> **Your assignment**:
In the entries that follow, repeat exactly the lines from the one that has "Sasuke_ Uchiha_ With_ Chidori PNG Image" through the one that has "9 Yard Multicolor", but omit pictures.

──────── Records for this exercise ────────

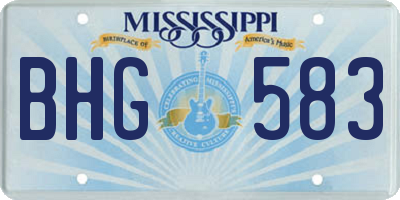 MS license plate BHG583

────────
──────── Records for this exercise ────────

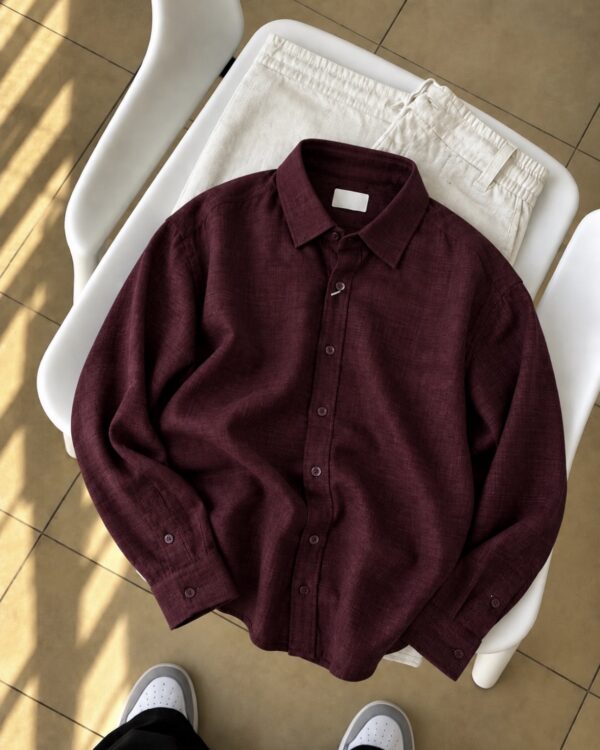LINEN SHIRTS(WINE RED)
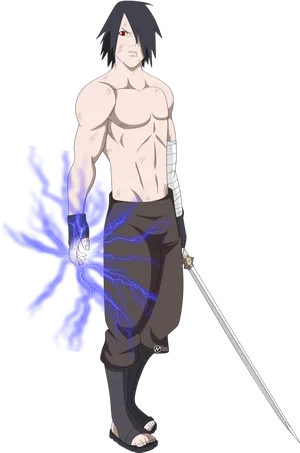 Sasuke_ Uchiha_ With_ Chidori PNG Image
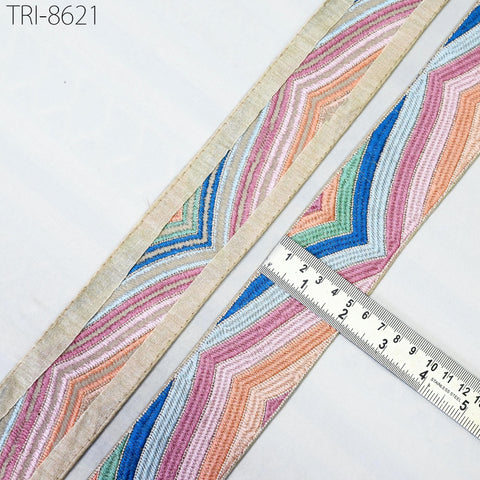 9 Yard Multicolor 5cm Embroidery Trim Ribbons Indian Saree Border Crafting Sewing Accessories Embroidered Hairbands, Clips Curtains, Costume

────────

> **Exercise solution**:
 Sasuke_ Uchiha_ With_ Chidori PNG Image
 9 Yard Multicolor 5cm Embroidery Trim Ribbons Indian Saree Border Crafting Sewing Accessories Embroidered Hairbands, Clips Curtains, Costume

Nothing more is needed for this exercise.